Capital expenditures are moneys spent by business to buy or improve assets, such as a car, an office computer or real estate. Capital expenditures are always negative — a liability — in the accounting books because they're a business expense the IRS won't let you deduct from your taxes. Instead, you have to recover the expense through time.

Tip

A capital expenditure, often shortened to "capex", is a negative value against income or revenue because it is money leaving your company.

Negative Capex Meaning

Capital expenditures are negative because they are amounts that are being subtracted from your balance sheet, or represent a negative capital expenditure on cash flow statements. Sometimes called capital outlays, capital expenditures are used to purchase assets that will serve your business for longer than one year. The money can also be spent to improve an existing asset and extend its usable life. Expanding an office complex, upgrading factory equipment or installing wireless internet in a rental property could all qualify. Money spent on repairs and maintenance is not a capital expenditure and can be written off as a business expense the year it's paid out.

Significance of Capital Expenditures

Capital expenditures represent an investment in the business; a company that doesn't buy new equipment or upgrade its old technology risks falling behind the competition. If a company isn't devoting much money to capital expenditure, that can be a sign growth has slowed or the market is tapped out, so it doesn't see any advantage to upgrading. On the other hand, a company that overspends on new equipment may not improve efficiency enough to compensate for the expenditure.

Identifying Capital Expenditures

It's not always easy to tell the difference between improvements, which are capital expenditures, and repairs or maintenance, the IRS states. Generally, improvements add to the value of the asset, extend the lifespan or adapt it for a different use. If you spend money to keep your business equipment usable, for example, that's a deductible repair expense; if you overhaul it to the point you can keep it running five years longer than normal, that's a capital expenditure.

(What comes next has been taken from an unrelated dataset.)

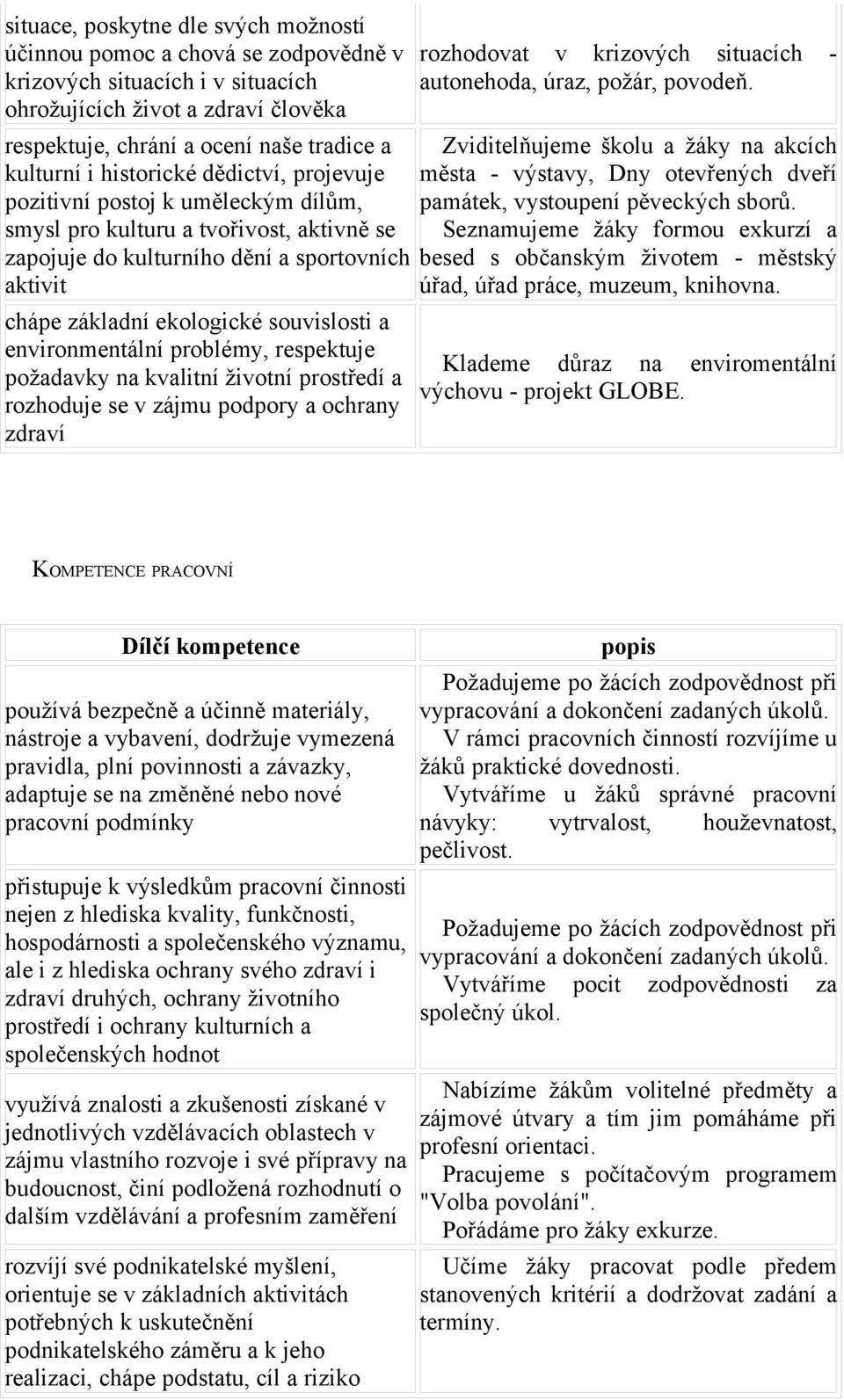 environmentální problémy, respektuje požadavky na kvalitní životní prostředí a rozhoduje se v zájmu podpory a ochrany zdraví rozhodovat v krizových situacích - autonehoda, úraz, požár, povodeň.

Effects of Using Capital Expenditures

To recover a capital expenditure, you'll usually have to claim a loss for depreciation or amortization. Depreciation and amortization both allow you to claim some of the value of the asset as a deduction each year, based on the wear and tear from use. Eventually the asset will depreciate all its value and you'll no longer be able to claim anything — but at that point, depreciation should have wiped out the original expenditure.

The straight line method of depreciation is the simplest and most commonly used method for depreciating capital assets. Under this method, for example, if a piece of machinery you bought for $50,000 has a useful life of five years, then you could depreciate $10,000 each year for its useful life. If the same machinery could be sold for $10,000 at the end of its useful life, then you would depreciate $40,000 over five years ($50,000 - $10,000), or $8,000 per year.